My goal is to set-up the batch + real-time pipelines in parallel so that we can access the real-time event data in Elasticsearch while also loading via batches to Redshift.
From my research (across Discourse and the legacy Google Group), it appears that this is possible, by doing the following -
Set-up the Scala Stream collector, write to a Kinesis stream
[batch] Set-up the Kinesis LZO S3 sink to write the raw events to S3
[batch] Configure the EMR ETL Runner / StorageLoader to enrich + load thrift records from S3
[real-time] Set-up a parallel stream enrichment process
Bear in mind that this scenario implies essentially two enrichment processes (one for each of the pipeline). We are working on “unifying” this step to be common for both of the pipelines running in parallel.
Is there an example of the configuration for this process? Essentially, I’m trying to understand how to feed each enrichment processes (batch + real-time) from the same collector output.

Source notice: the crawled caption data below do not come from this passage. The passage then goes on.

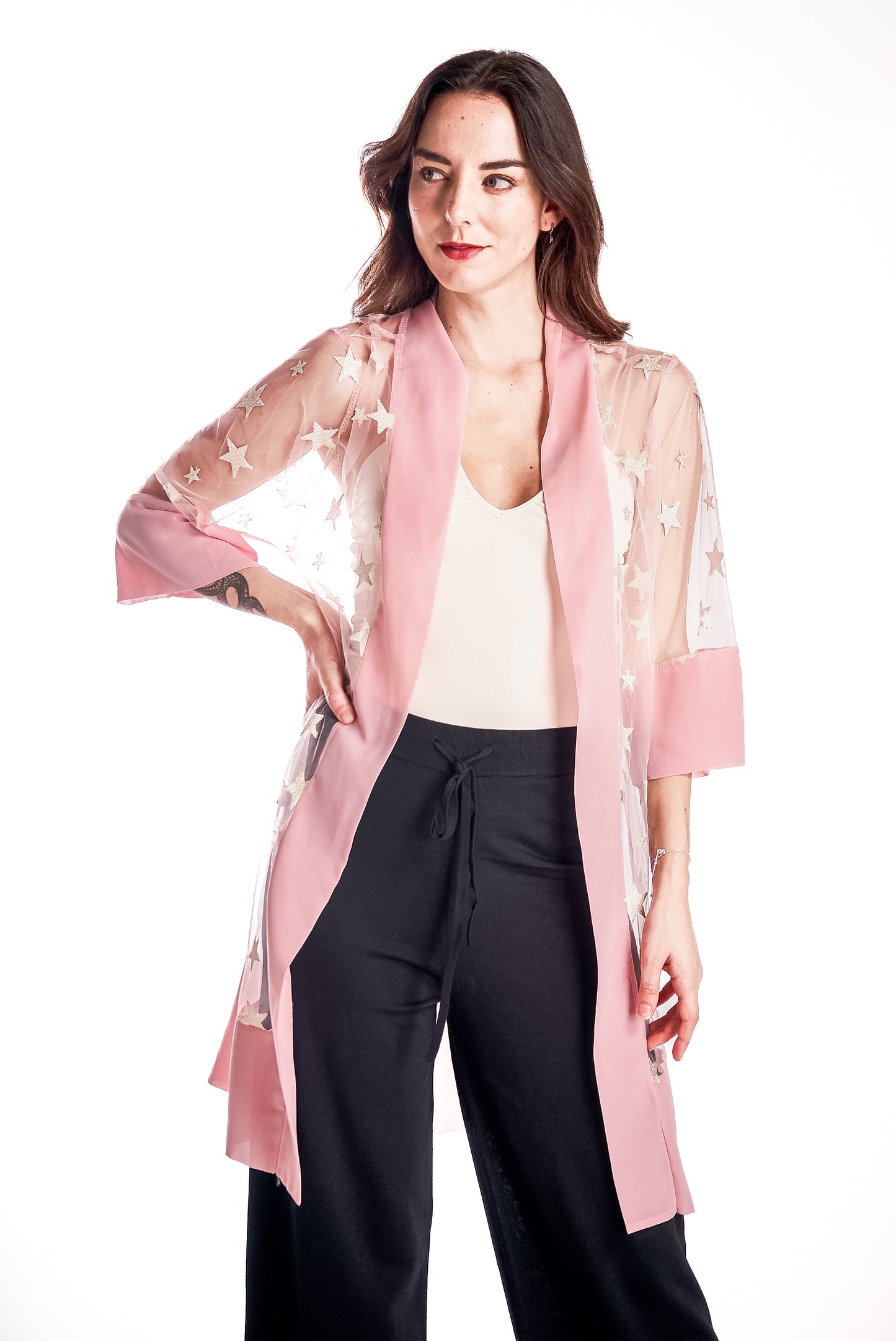 Tapado Organza Stelle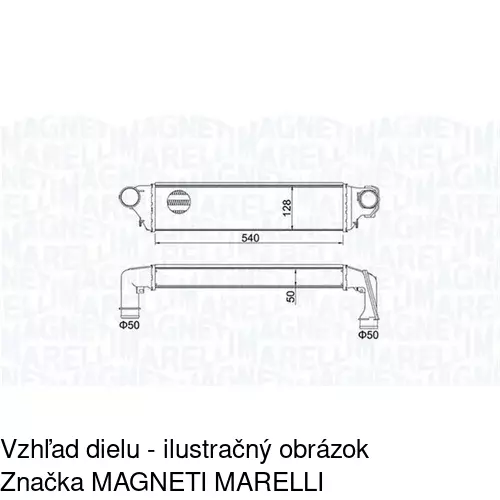 Chladiče vzduchu (Intercoolery) 2008J81X /POLCAR/ - obr. 1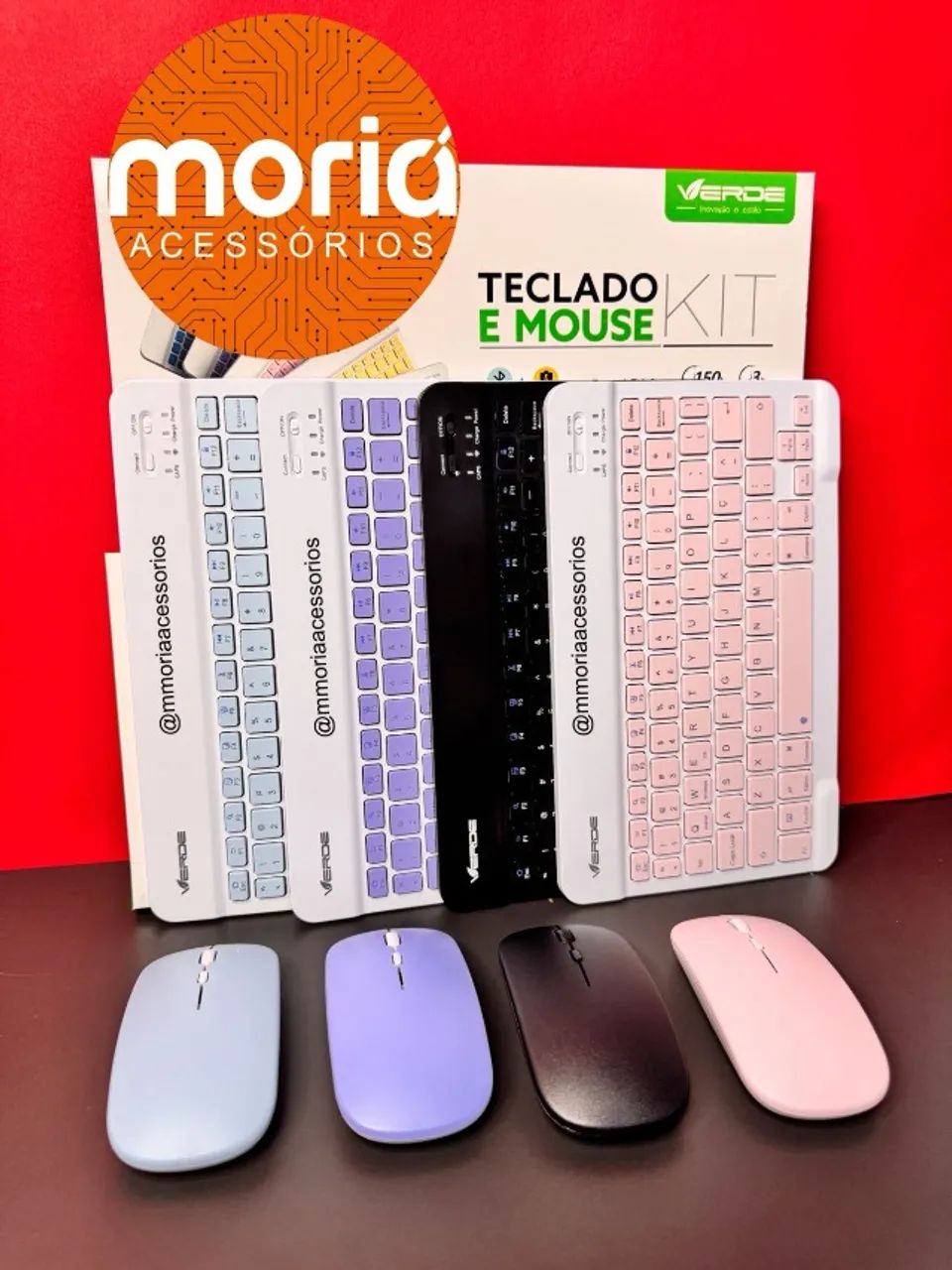 Kit Teclado e Mouse Bluetooth Sem Fio Tablet, Celular e IPad - Foto 2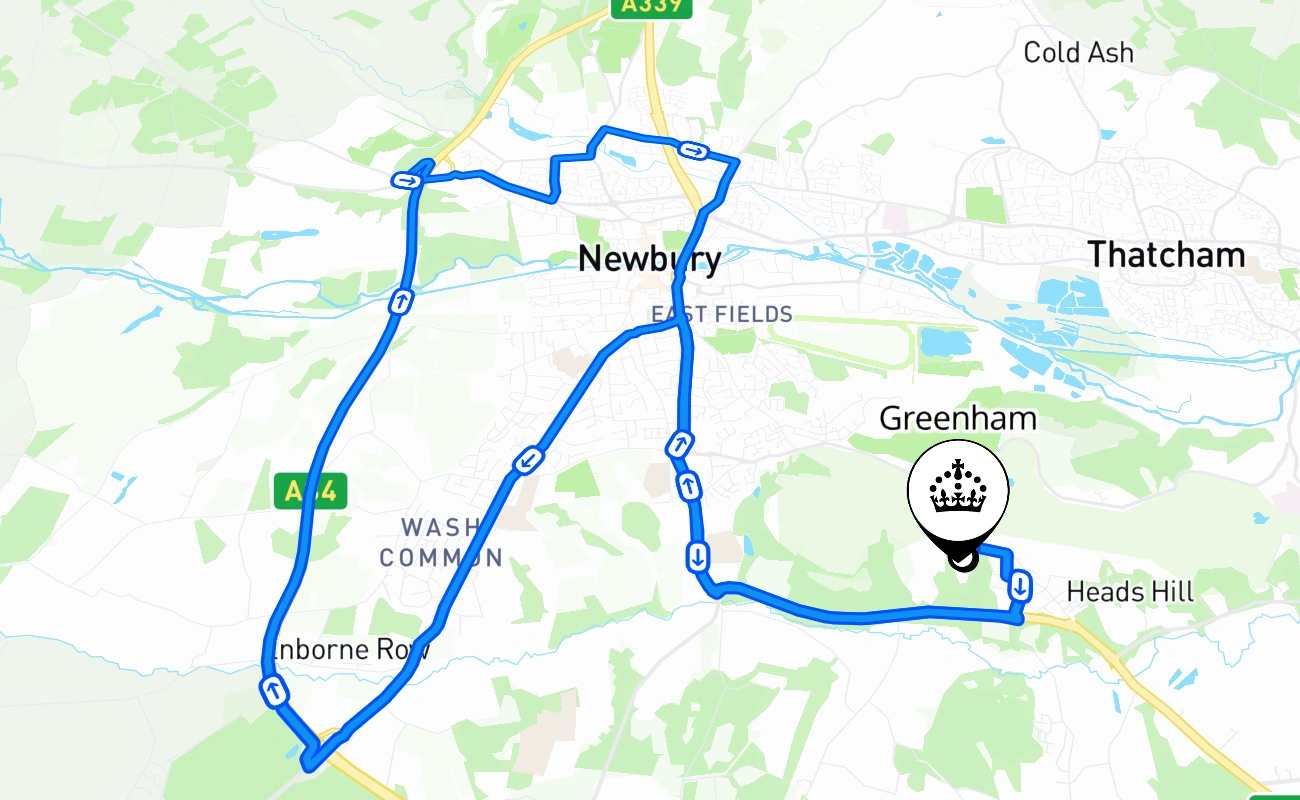 Greenham 驾考路线 #1983 地图 - ENG 英国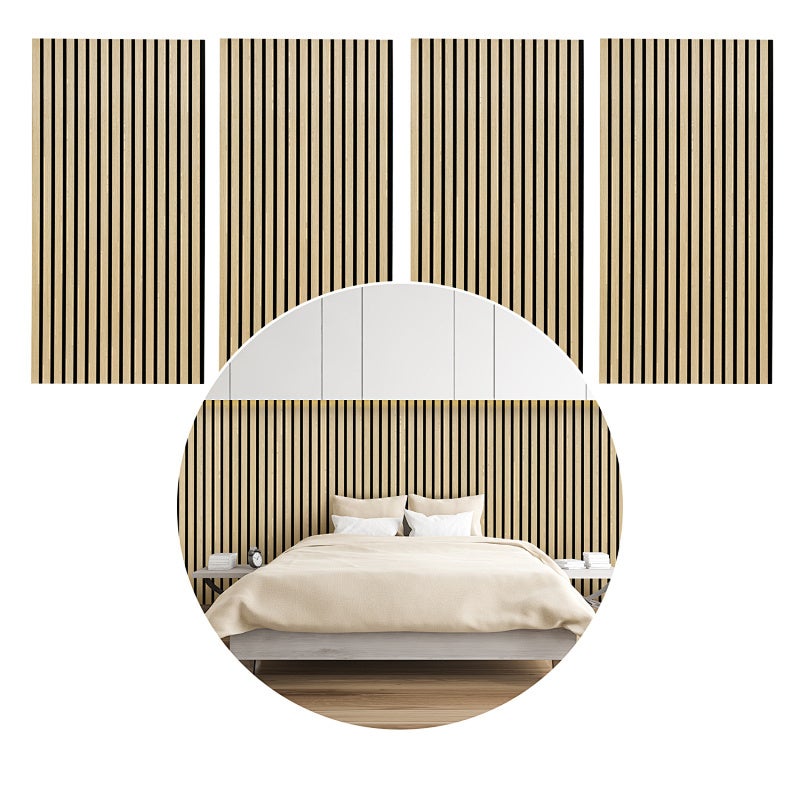 1x drewno Panele akustyczne z drewna 120*60*2,1 cm Panele bambusowe, panele ścienne 3D Okładzina ścienna z prawdziwego drewna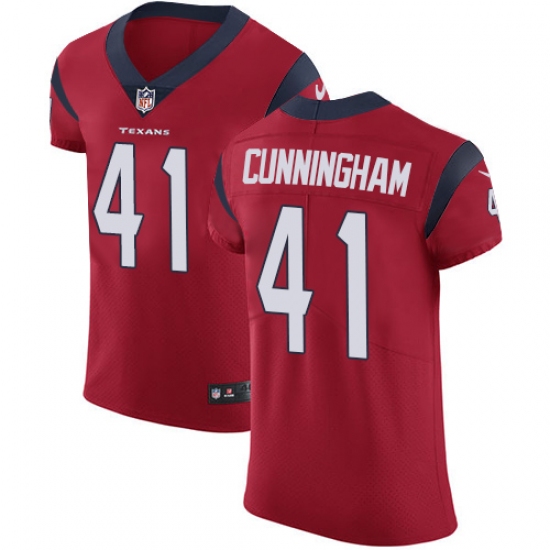 Men's Nike Houston Texans #41 Zach Cunningham Red Alternate Vapor Untouchable Elite Player NFL Jersey - Ujersey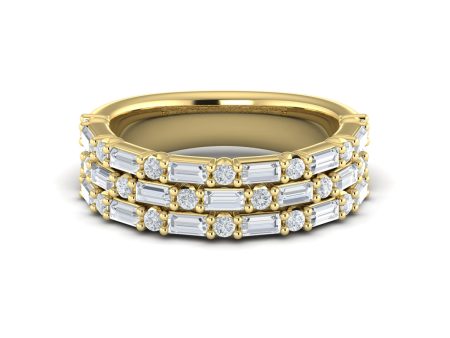 Vlora Karina 14k Yellow Gold and Diamond Band VR60074 Sale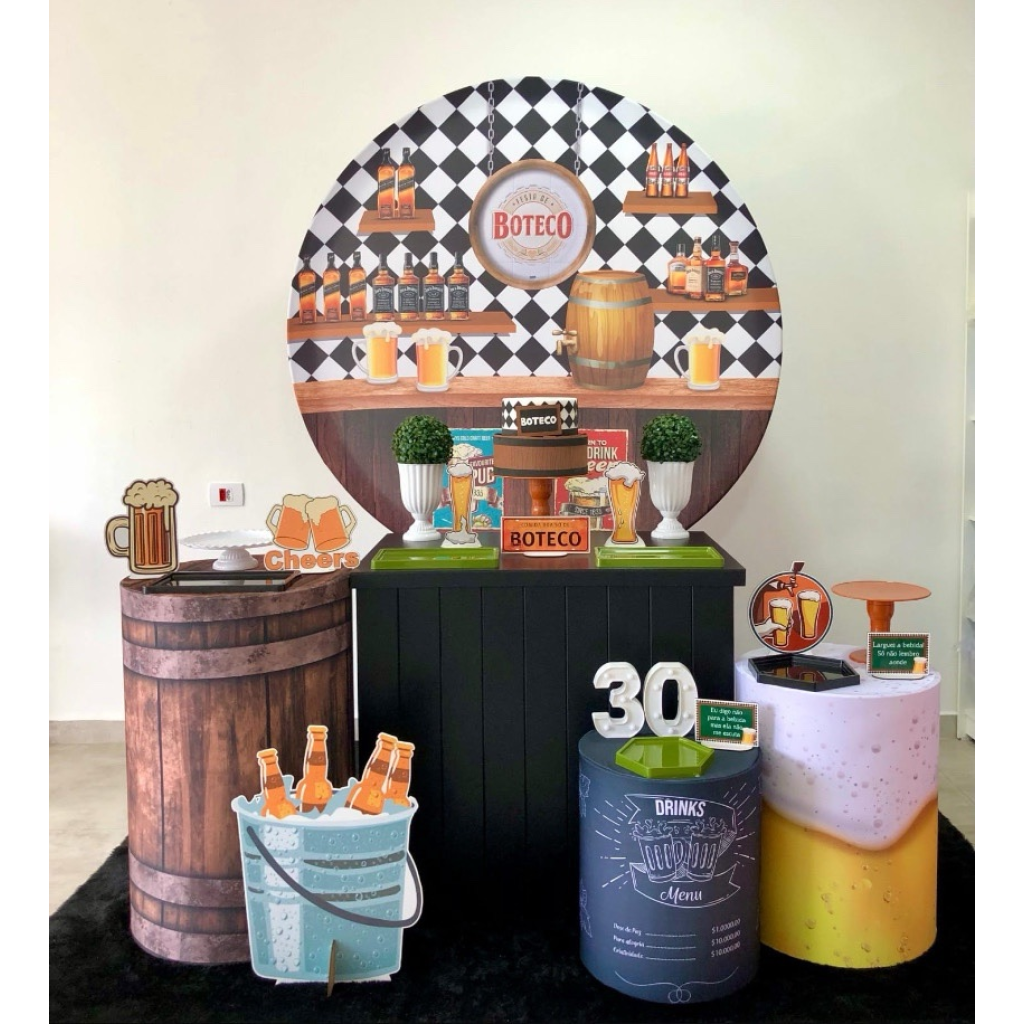Boteco - Kit 2 - Creare Decorações 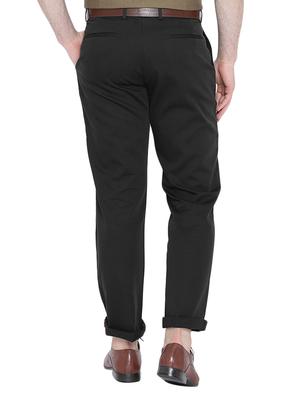 black cotton chinos casual trousers - 15434533 - Standard Image - 2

Hi all this is an old thread but we are looking to do a similar thing as in have parallel pipelines where we are batching into redshift. I read elsewhere that snowplow has moved away from this but for us this is the right architecture as it is vastly cheaper to batch into redshift.
Is this still possible? We implemented the bootstrap to try out snowplow and connected kinesis to redshift however behind the scenes it is constantly hitting redshift which is driving our costs up unnecessarily. we would be find with batching a few times a day / daily.
@yangabanga spark transformer is actively maintained, but we do not provide a terraform stack to go with it.
You could also consider increasing window size here in steam transformer to 60min or longer to get fewer batches. It is likely to be a lot cheaper than running EMR, even at minimum configuration.